Musica / Como città
Lunedì 18 Gennaio 2010
Così il Signor G degli anni Novanta
si diverte sulla sua torpedo blu
Si è completata, con l’ultimo volume dedicato a “Gli anni Novanta”, la retrospettiva video dedicata a Giorgio Gaber: la formula è quella nota del doppio dvd con esauriente libretto d’accompagnamento, con ampie selezioni dagli spettacoli teatrali “Il teatro canzone”, “E pensare che c’era il pensiero” e “Un’idiozia conquistata a fatica” oltre ad altri filmati d’epoca
COMO Si è completata, con la pubblicazione dell’ultimo volume dedicato a “Gli anni Novanta”, la retrospettiva video dedicata a Giorgio Gaber: la formula è quella nota del doppio dvd con esauriente libretto d’accompagnamento, con ampie selezioni (inedite o, comunque viste pochissimo) dagli spettacoli teatrali “Il teatro canzone”, “E pensare che c’era il pensiero” e “Un’idiozia conquistata a fatica” oltre ad altri filmati d’epoca, tanti amatoriali.

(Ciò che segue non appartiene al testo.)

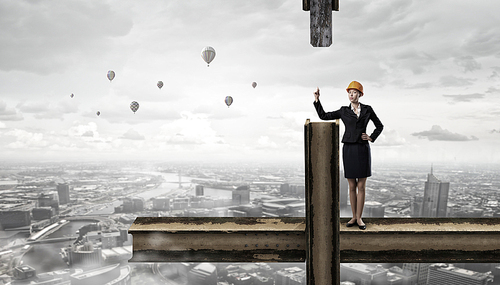 Young woman architect in hardhat standing on balk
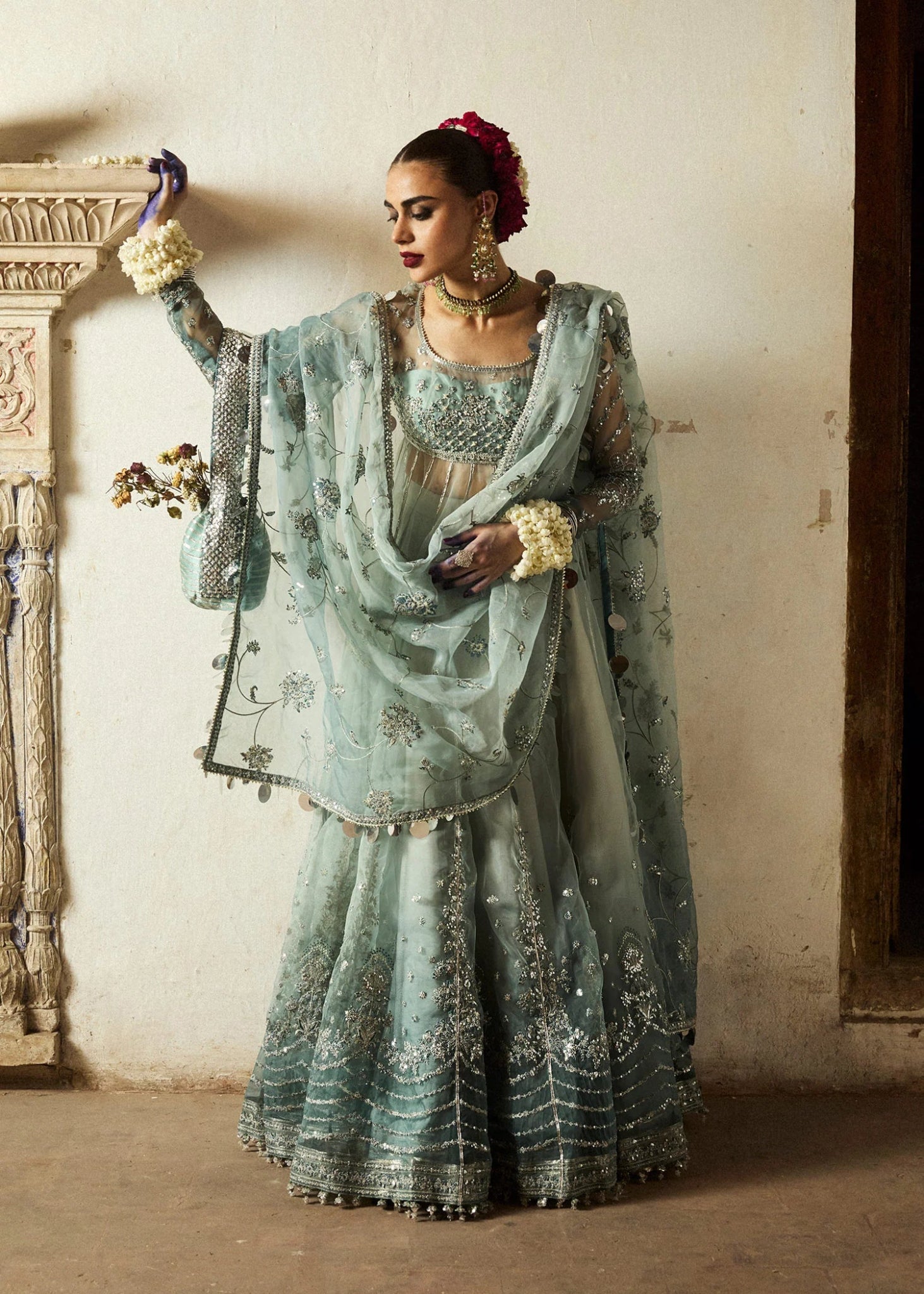 Model wearing a soft blue Maa’iya dress from Hussain Rehar's Wedding Festive Sep '24 Collection, featuring intricate embellishments. Pakistani wedding clothes available online in the UK.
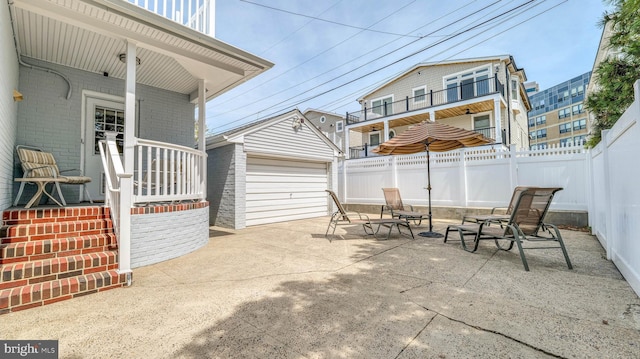 107 S Dover Ave, Atlantic City, NJ 08401 - view of patio with covered porch, fence, an outbuilding, and a garage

Amatoriali... come l’amore.
Qualcuno amava Giorgio Gaber perché con lui era più bello andare a teatro, ridevi, cantavi, magari t’incazzavi ma non ti sembrava mai d’avere sprecato i soldi.
Qualcuno amava Giorgio Gaber, lo ha sempre amato ma lo dice solo adesso, perché Gaber è più facile da amare da morto che da vivo, è consolidato, approvato, c’è pure il convegno, le ristampe, i cofanetti... Da vivo, invece, ogni tanto ti costringeva ad ammettere che stavi seguendo una corrente come un pecorone, che eri esperto di pagliuzze e non sapevi scansare le travi, soprattutto politiche, che ti arrivavano addosso.
Qualcuno amava Giorgio Gaber per il Cerutti Gino, la Balilla, il trani a go-go e goganga goganga goganganghinga...
Perché anche quello era Giorgio Gaber, non se ne vergognava lui, perché dovremmo vergognarcene noi (da non perdere, in questo box, il sogghigno di fine spettacolo quando, ammiccando ai coetanei, invita i giovani alla clemenza per il momento del revival)? Vengo a prenderti stasera, sulla mia Torpedo blù, popi popi (“Ho tutto il Teatro Donizetti che fa popi popi!”).
Qualcuno amava Giorgio Gaber perché lui sì, lui non le mandava mica a dire, lui aveva capito tutto prima epoco prima di togliere il disturbo, aveva sentenziato “Io non mi sento italiano”, superbo ultimo esemplare della “Razza in estinzione”. Intanto noi ci siamo arrivati: una volta papà ti portava sulla collina e diceva “Guarda, un giorno tutto questo sarà tuo”. Oggi ti dice “Guarda”. E basta.
Qualcuno amava Giorgio Gaber perché potevi non essere d’accordo con lui ma ti piaceva dialogare (fingere di dialogare: lui parlava e cantava, tu ti arrabbiavi dopo, dal foyer fino all’anticamera), confrontarti, metterlo in discussione e, quindi, metterti in discussione, tu, lui, tutti, i politici, i nevrotici, i religiosi, le donne, gli americani. Ora no, ora dal palco, dal microfono, dalla tv si cerca solo il consenso dicendo quella cosa che possa andare bene massimamente a tutti e a tutti sta bene così. Libertà è partecipazione, cantava, ma adesso uno pensa di essere libero partecipando al Grande Fratello.
Qualcuno amava Giorgio Gaber e si ricorda che Gaber non era solo. Gaber erano due: il signor Gaberscik e Sandro Luporini che non aveva certo un ruolo secondario. E pensare, quindi, che c’era il pensiero e che, grazie a lui, c’è ancora.
Qualcuno amava davvero Giorgio Gaber perché Gaber ti faceva sentire meno solo, quando pensi di perdere i pezzi, quando ti fa male il mondo, quando ti chiedi cosa è la destra e cos’è la sinistra, quando ti senti anche tu un pollo d’allevamento, quando al bar ti sorprendi a esclamare “Ah, io se fossi Dio...”, quando ti senti circondato da un odore che non sai spiegare, quando ti sembra di non avere via di scampo (e devi farti per forza uno shampoo).
Qualcuno amerà Giorgio Gaber, grazie ai dischi, ai libri, a questi cofanetti che cercano di raccontare Gaber a chi non ha mai visto Gaber, di ricordarlo a chi c’era, magari riempiendo, con una visione intelligente le nostre serate, sempre più stupide, sempre più vuote, alla ricerca di un’illogica allegria.